For reasons I can't explain, our SiteMinder-protected web site is logging user in two different formats, one that just has the simple user name, and another that has the domain prefix; so for a given user, we have web server access logs that contain both "myname" and "MyDom//MyName".
My goal is to "normalize" these so that when I perform stats against user, I get both of these variants aggregated into one count for the one user.
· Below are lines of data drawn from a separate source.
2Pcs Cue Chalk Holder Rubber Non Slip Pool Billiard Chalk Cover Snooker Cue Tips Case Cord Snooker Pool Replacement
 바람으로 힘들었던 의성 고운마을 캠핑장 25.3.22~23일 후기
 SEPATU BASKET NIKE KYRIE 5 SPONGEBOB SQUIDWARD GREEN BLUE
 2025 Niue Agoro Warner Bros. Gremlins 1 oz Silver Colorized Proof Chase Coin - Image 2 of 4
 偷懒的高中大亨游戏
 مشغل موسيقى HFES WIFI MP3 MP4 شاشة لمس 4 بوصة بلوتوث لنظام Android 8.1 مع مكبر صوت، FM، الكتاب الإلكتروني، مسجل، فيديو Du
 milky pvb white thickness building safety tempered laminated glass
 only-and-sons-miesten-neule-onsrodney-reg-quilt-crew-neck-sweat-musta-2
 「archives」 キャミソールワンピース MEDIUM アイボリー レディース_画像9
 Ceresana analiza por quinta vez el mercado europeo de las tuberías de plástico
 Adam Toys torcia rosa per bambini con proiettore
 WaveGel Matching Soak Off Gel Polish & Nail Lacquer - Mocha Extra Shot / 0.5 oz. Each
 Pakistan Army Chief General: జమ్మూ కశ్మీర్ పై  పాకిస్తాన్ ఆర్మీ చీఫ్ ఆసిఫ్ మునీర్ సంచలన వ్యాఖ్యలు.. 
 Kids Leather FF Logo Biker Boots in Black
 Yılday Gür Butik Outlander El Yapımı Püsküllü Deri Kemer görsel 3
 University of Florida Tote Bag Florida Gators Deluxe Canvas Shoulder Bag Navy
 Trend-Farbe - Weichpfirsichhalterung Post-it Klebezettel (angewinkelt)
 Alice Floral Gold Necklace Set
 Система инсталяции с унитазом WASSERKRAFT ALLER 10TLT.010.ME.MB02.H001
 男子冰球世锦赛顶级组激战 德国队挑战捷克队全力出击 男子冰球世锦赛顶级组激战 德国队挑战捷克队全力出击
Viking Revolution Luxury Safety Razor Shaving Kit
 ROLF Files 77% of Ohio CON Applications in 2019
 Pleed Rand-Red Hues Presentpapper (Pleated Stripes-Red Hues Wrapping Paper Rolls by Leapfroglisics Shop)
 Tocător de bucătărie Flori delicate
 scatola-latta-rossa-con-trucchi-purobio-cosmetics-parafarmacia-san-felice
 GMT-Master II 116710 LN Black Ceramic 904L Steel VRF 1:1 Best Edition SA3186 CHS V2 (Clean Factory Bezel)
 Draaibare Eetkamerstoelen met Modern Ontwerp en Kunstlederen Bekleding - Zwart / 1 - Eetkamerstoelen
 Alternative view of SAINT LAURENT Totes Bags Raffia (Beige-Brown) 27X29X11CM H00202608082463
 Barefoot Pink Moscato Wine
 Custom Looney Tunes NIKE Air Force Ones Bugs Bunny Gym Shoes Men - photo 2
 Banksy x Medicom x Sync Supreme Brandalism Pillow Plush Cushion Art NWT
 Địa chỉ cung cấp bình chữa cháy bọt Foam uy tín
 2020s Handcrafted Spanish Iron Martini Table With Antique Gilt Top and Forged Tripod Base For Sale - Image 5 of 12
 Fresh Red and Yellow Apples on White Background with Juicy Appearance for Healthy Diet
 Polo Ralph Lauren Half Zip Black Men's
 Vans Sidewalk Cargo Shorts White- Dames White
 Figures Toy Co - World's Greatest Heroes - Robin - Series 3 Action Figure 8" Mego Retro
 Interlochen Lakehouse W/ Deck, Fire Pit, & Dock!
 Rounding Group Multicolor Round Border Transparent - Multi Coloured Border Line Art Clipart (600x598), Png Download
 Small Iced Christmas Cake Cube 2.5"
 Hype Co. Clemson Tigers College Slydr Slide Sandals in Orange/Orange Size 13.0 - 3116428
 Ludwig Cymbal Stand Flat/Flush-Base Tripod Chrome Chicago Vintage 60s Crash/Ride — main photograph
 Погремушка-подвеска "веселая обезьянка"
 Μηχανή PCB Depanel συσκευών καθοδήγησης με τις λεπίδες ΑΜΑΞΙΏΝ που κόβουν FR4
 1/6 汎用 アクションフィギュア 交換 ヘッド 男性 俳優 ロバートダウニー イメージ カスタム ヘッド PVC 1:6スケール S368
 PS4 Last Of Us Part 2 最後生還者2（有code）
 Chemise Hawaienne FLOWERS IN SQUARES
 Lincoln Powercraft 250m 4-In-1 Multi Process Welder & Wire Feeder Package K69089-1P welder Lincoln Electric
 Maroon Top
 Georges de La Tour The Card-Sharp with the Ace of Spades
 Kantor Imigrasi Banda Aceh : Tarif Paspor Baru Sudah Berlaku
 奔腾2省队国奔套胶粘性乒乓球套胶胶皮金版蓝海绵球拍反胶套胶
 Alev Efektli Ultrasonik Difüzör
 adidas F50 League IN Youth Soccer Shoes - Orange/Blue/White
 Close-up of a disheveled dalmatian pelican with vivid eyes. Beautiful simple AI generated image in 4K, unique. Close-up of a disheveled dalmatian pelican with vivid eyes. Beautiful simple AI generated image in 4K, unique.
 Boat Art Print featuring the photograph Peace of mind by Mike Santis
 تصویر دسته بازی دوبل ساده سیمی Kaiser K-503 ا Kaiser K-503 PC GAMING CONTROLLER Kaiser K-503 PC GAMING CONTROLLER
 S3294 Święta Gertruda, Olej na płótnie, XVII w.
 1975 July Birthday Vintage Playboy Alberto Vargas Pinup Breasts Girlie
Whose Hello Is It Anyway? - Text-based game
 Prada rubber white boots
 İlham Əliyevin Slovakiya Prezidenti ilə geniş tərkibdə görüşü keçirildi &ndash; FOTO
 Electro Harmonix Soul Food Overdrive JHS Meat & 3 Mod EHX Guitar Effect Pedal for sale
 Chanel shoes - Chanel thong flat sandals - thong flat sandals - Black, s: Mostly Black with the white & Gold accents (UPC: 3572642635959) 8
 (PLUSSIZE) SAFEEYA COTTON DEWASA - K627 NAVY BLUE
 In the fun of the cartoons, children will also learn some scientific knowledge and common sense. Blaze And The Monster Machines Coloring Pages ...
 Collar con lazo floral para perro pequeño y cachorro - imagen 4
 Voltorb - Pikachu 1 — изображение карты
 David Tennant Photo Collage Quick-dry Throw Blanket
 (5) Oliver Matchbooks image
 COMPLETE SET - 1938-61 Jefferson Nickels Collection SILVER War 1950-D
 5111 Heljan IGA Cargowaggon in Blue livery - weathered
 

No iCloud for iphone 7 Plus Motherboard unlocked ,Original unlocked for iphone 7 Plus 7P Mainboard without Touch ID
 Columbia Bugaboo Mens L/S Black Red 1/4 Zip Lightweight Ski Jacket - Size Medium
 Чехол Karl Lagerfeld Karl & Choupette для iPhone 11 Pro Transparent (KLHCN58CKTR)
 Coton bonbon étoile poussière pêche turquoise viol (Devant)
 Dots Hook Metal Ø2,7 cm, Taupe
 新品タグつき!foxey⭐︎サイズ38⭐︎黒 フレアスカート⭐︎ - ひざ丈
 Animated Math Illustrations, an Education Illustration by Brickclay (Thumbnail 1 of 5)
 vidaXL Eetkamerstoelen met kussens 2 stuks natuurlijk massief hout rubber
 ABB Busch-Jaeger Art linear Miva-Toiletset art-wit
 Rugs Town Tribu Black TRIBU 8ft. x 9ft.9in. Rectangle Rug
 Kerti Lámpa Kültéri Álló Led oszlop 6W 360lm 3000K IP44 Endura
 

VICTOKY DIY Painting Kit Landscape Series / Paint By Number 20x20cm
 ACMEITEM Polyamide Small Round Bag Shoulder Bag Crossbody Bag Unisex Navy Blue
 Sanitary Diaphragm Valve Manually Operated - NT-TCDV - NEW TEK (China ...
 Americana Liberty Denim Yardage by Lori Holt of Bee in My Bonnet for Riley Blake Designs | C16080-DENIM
Might seem like a job for a simple RegEx, BUT... notice that the cases are different! "myname" gets logged in lower case, but "MyDom//MyName" gets logged in mixed case. Through RegEx and use of Upper(), I've been able to get the two variants to display the same in a report... but they are still getting reported distinctly with separate counts. I tried to dedup based on the "normalized" value, but then it only returned one of the two variants, with only the counts for that variant (not both of them aggregated.)
Any ideas?
What you need is a calculated field which will normalize the all variations, format and case, for user field.
See this :- http://docs.splunk.com/Documentation/Splunk/6.2.0/Knowledge/definecalcfields
e.g.
Props.conf on Search Head (assuming already existing field name is 'User')
[YourSourceType]
EVAL-User = mvindex(split(upper(User),"/"),-1)
What you need is a calculated field which will normalize the all variations, format and case, for user field.
See this :- http://docs.splunk.com/Documentation/Splunk/6.2.0/Knowledge/definecalcfields
e.g.
Props.conf on Search Head (assuming already existing field name is 'User')
[YourSourceType]
EVAL-User = mvindex(split(upper(User),"/"),-1)
Thanks, somesoni2. Due to the federated roles our large org has regarding Splunk, I am essentially limited to creating searches and stuff within my own app, and can't tweak any of the .conf files. (I do understand why that would be a more strategic method, and maybe sometime I'll navigate the Change Process to make it happen!) But I was able to apply your basic solution within a search, so that's great. Thanks!
Actually, this worked...
| eval user_clean=mvindex(split(upper(user),"//"),-1)
And then I can do stats based on "user_clean" and don't even need to dedup.
I just made it part of the search, so that I don't need to change any .conf files. (I don't have the necessary permissions.)
THANKS!
Actually, you don't need to edit config files to do this. In the Splunk UI, under Settings->Fields you will see an entry for "Calculated fields". If you create the same definition that you put into your search there, assign it to your sourcetype in question and share it globally, the field will be automatically calculated whenever you search for that sourcetype.
Have you considered field aliases?
http://docs.splunk.com/Documentation/Splunk/6.2.1/Knowledge/Addaliasestofields
Also here:
http://answers.splunk.com/answers/110019/using-field-aliases.html
With this, you could create a new custom "combined_user" that you could run reports on with the same counts.
Thanks, gwalford. But as a newbie, I couldn't figure out how this would help; seems like just giving it a new name but I was still tripped up about modifying the value.